- _Exercise description_
Output the exact lines that start at the one containing "Autosufficienza energetica e" and continue to the last line of the entries below; do not output pictures.

- _Extracted data_
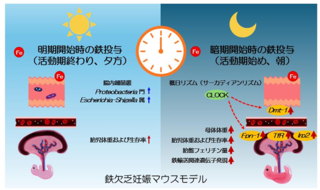 アイキャッチ:妊娠期の鉄摂取は夕方よりも朝が最適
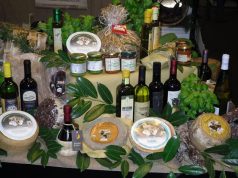 Autosufficienza energetica e sostenibilità alimentare, l’esempio toscano “La geotermia sposa l’agroalimentare, Toscana primo esempio al mondo“
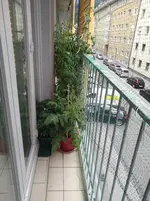 IMG_20170702_165832.webp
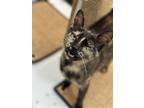 Adopt Jewel a Domestic Shorthair (short coat) cat in Grand Rapids, MI (41433844)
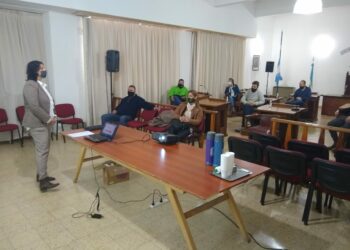 Huella de carbono: La ingeniera González disertó en el HCD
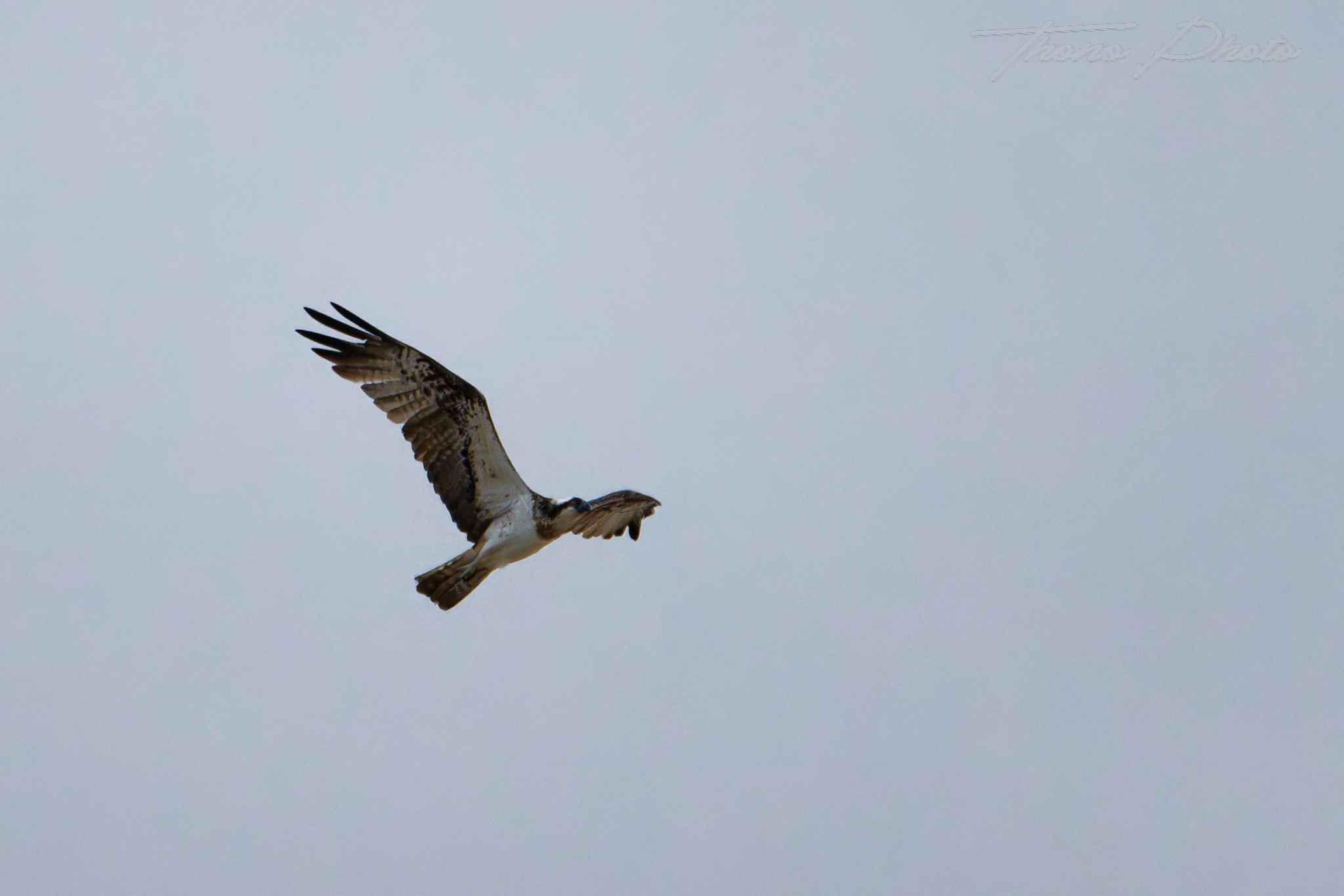 Balbuzard pecheur boulleret 2025 07 06 5119f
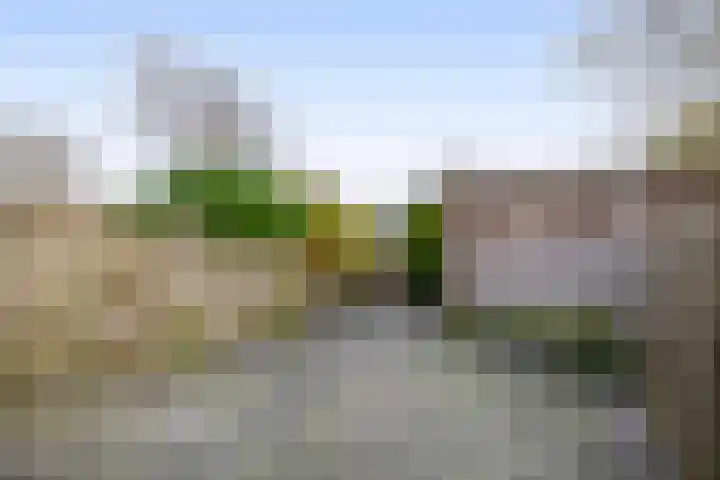Zonnehof 234 Nootdorp thumbnail 12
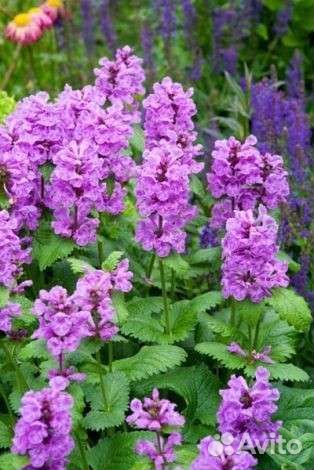 Буквица (растение)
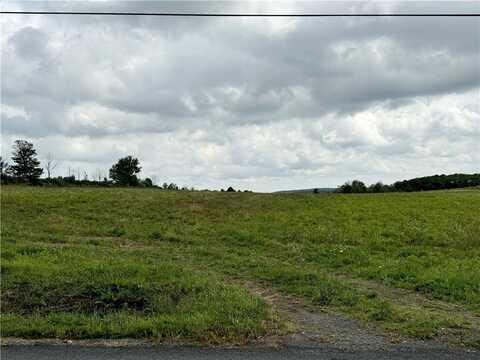 0 Terry Hill Rd, Veteran, NY 14845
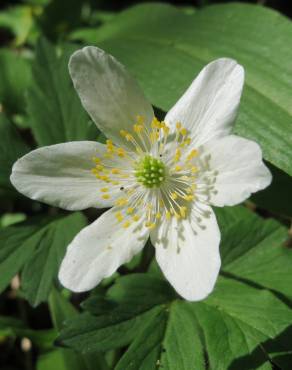 Fotografia 1 da espécie Anemone nemorosa no Jardim Botânico UTAD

- _Finished task_
 Autosufficienza energetica e sostenibilità alimentare, l’esempio toscano “La geotermia sposa l’agroalimentare, Toscana primo esempio al mondo“
 IMG_20170702_165832.webp
 Adopt Jewel a Domestic Shorthair (short coat) cat in Grand Rapids, MI (41433844)
 Huella de carbono: La ingeniera González disertó en el HCD
 Balbuzard pecheur boulleret 2025 07 06 5119f
Zonnehof 234 Nootdorp thumbnail 12
 Буквица (растение)
 0 Terry Hill Rd, Veteran, NY 14845
 Fotografia 1 da espécie Anemone nemorosa no Jardim Botânico UTAD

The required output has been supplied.